AIM OF THE TASK »
If a record holds a picture, please leave the picture out and copy the rest of the record exactly.

EXTRACTED ENTRIES »
------

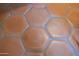 Close-up of stylish and unique red hexagon tiled flooring at 1309 W Lynwood St, Phoenix, AZ 85007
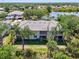 Stunning aerial view of this multi-Gathering home with lake views, surrounded by lush greenery and mature trees at 3433 Grand Vista Ct # 102, Port Charlotte, FL 33953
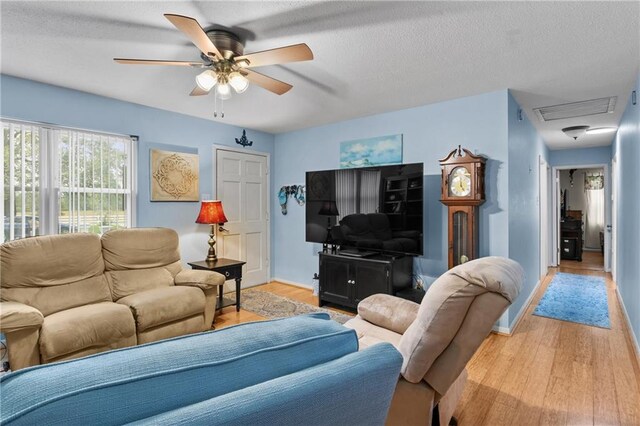 living room featuring light hardwood / wood-style flooring, a textured ceiling, and ceiling fan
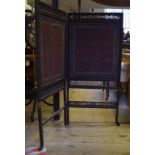 An Indian carved wood two fold screen, with tapestry panels,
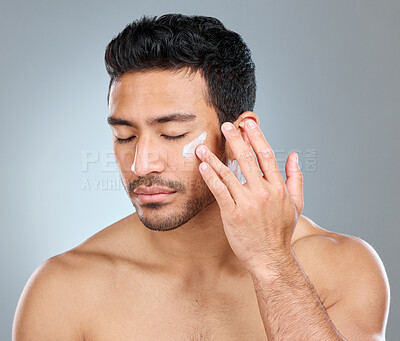 Buy stock photo Man, eyes closed and cream in studio for skincare, hydration and skin tone with dermatology or cosmetology. Male person, lotion and sunscreen on gray background for facial care, grooming and calm.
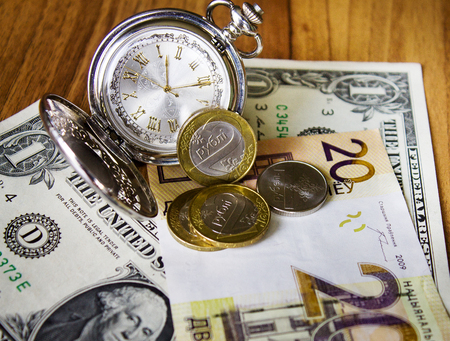 pocket watch, dollar Belarusian money Background, new money in Belarus. Denomination in Republic of Belarus 2016.の写真素材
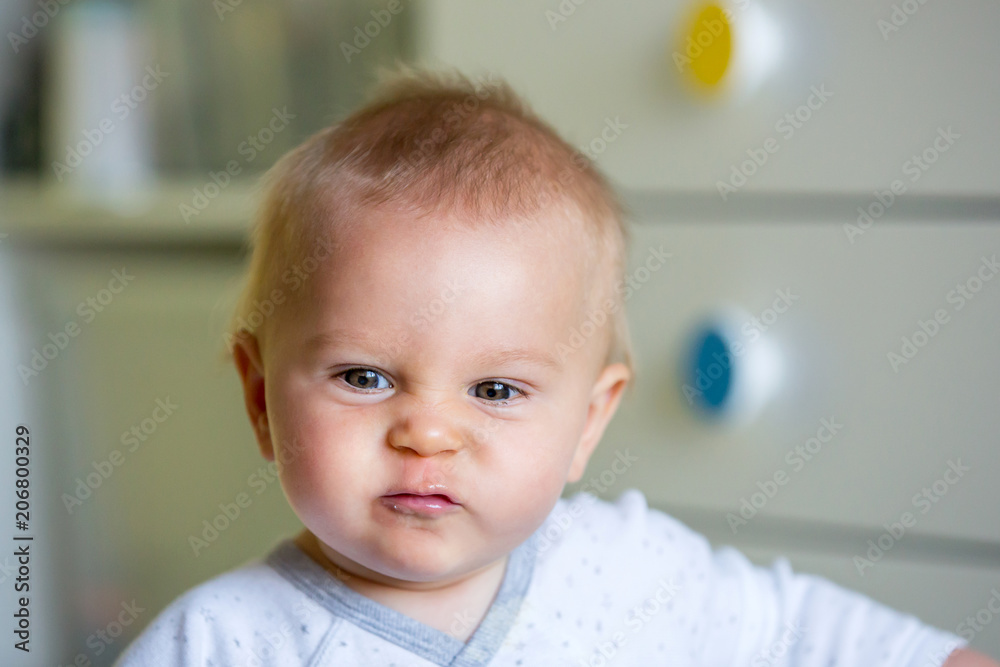 Image of sweet baby boy, closeup portrait of child, cute toddler with blue eyes Image of sweet baby boy, closeup portrait of child, cute toddler with blue eyes
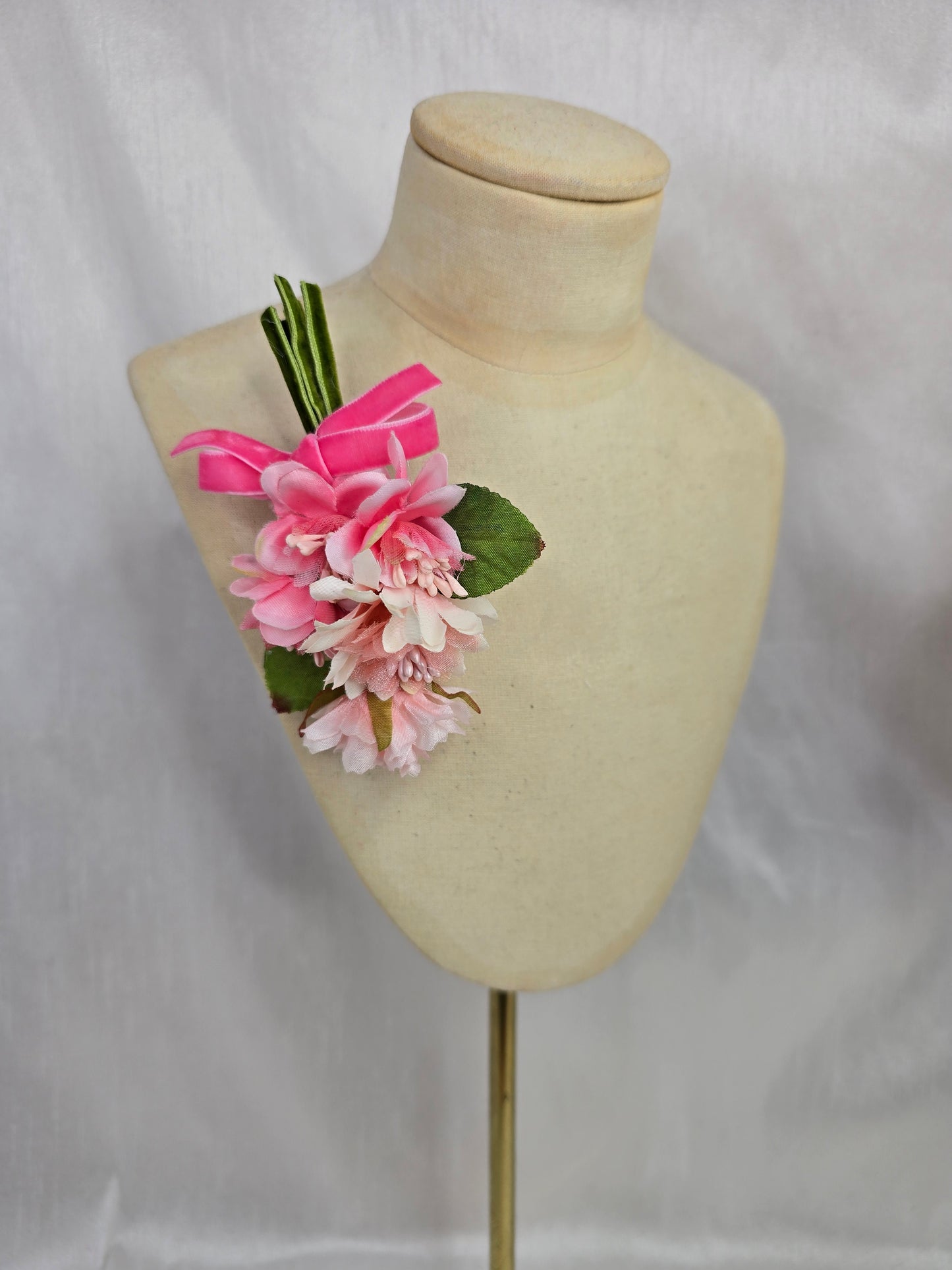 Small pale pink blossom corsage
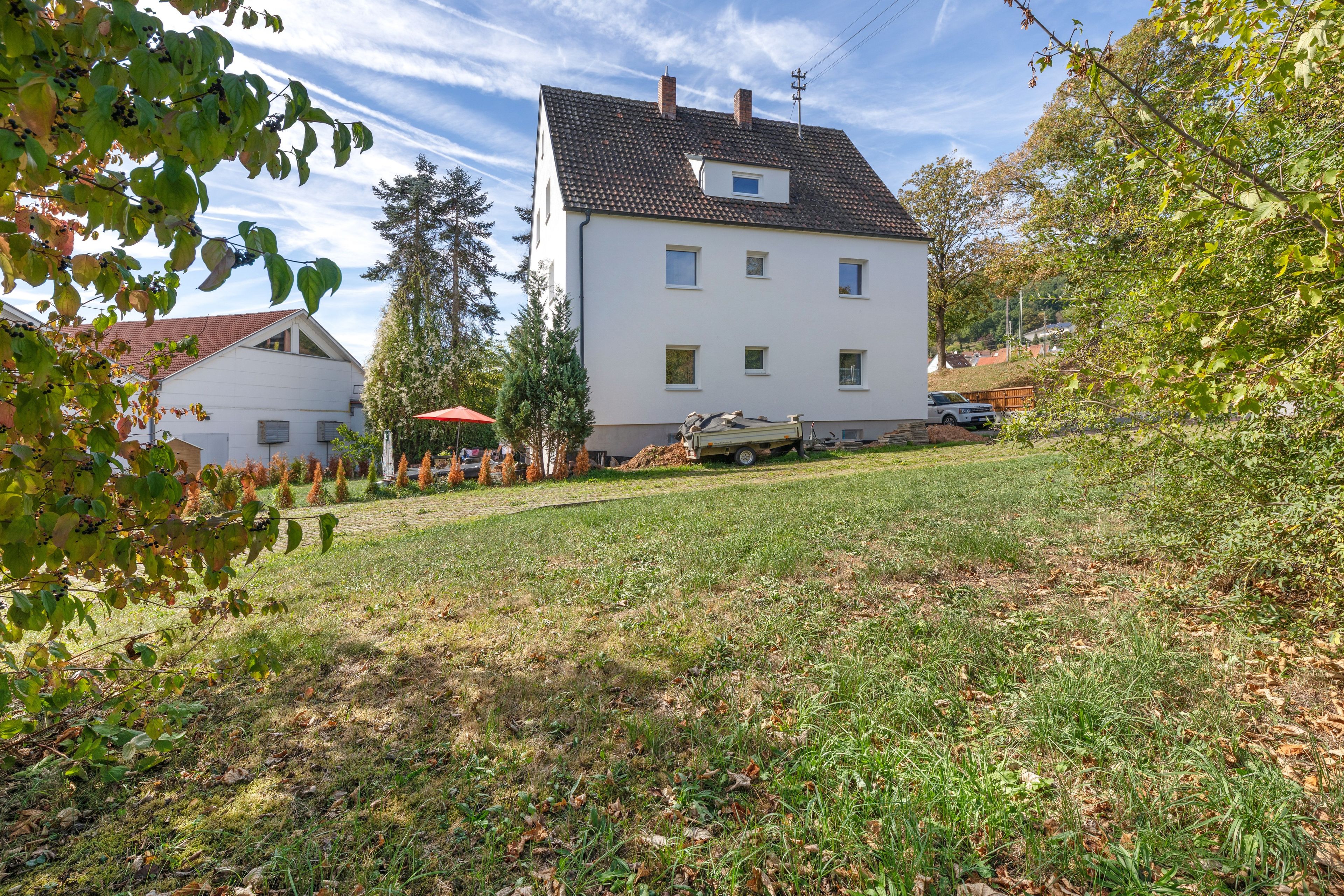 Une maison à deux étages avec un toit en pente, une petite fenêtre à l’étage supérieur et une allée pavée menant à un véhicule garé.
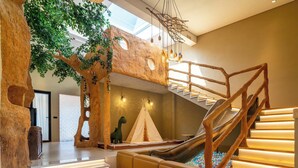 A multi-level play area with a slide, a tree structure, and a staircase. - Manning Retreat (Handan)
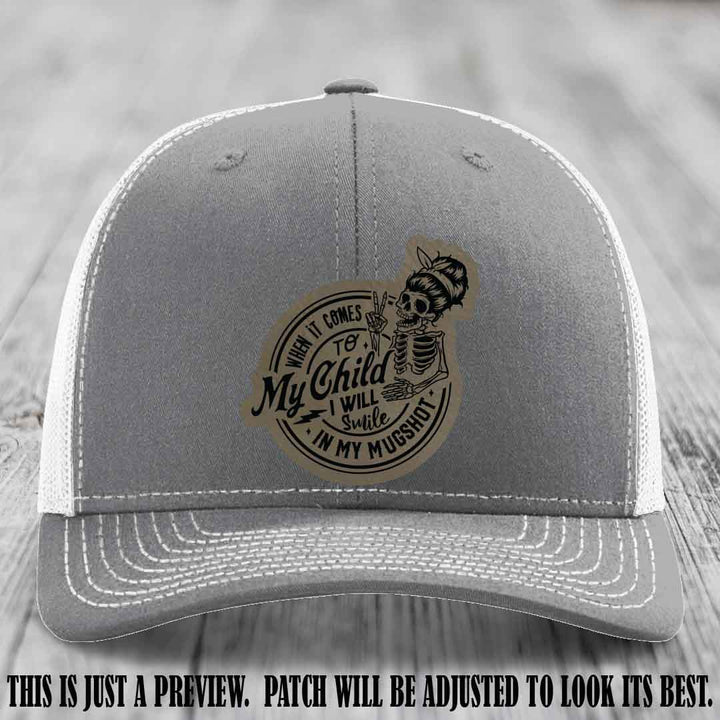 Richardson 112 custom trucker hat with light brown to black patch and 'My Child Mugshot' leather patch on heather grey to white hat
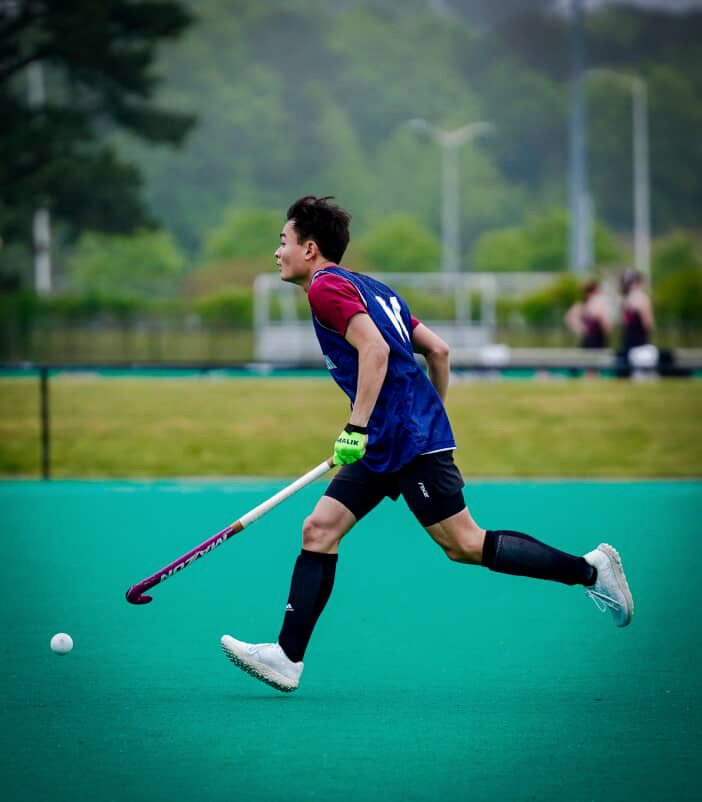 Playing field hockey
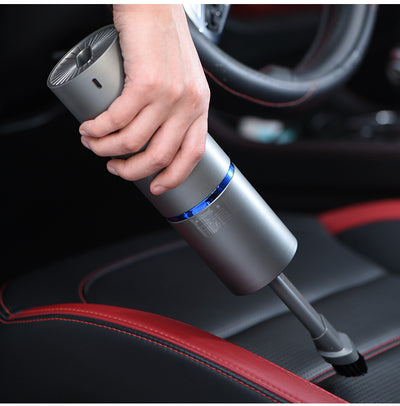 Hand holding a mini car vacuum cleaner, cleaning the leather seat of a car interior.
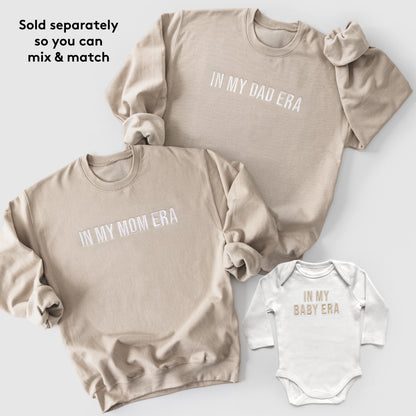 Three beige sweatshirts with text 'IN MY DAD ERA', 'IN MY MOM ERA', and a white baby onesie with 'IN MY BABY ERA' on a light gray background.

------

RESPONSE AREA »
 Close-up of stylish and unique red hexagon tiled flooring at 1309 W Lynwood St, Phoenix, AZ 85007
 Stunning aerial view of this multi-Gathering home with lake views, surrounded by lush greenery and mature trees at 3433 Grand Vista Ct # 102, Port Charlotte, FL 33953
 living room featuring light hardwood / wood-style flooring, a textured ceiling, and ceiling fan
 An Indian carved wood two fold screen, with tapestry panels,
 Buy stock photo Man, eyes closed and cream in studio for skincare, hydration and skin tone with dermatology or cosmetology. Male person, lotion and sunscreen on gray background for facial care, grooming and calm.
 pocket watch, dollar Belarusian money Background, new money in Belarus. Denomination in Republic of Belarus 2016.の写真素材
 Image of sweet baby boy, closeup portrait of child, cute toddler with blue eyes Image of sweet baby boy, closeup portrait of child, cute toddler with blue eyes
 Small pale pink blossom corsage
 Une maison à deux étages avec un toit en pente, une petite fenêtre à l’étage supérieur et une allée pavée menant à un véhicule garé.
 A multi-level play area with a slide, a tree structure, and a staircase. - Manning Retreat (Handan)
 Richardson 112 custom trucker hat with light brown to black patch and 'My Child Mugshot' leather patch on heather grey to white hat
 Playing field hockey
 Hand holding a mini car vacuum cleaner, cleaning the leather seat of a car interior.
 Three beige sweatshirts with text 'IN MY DAD ERA', 'IN MY MOM ERA', and a white baby onesie with 'IN MY BABY ERA' on a light gray background.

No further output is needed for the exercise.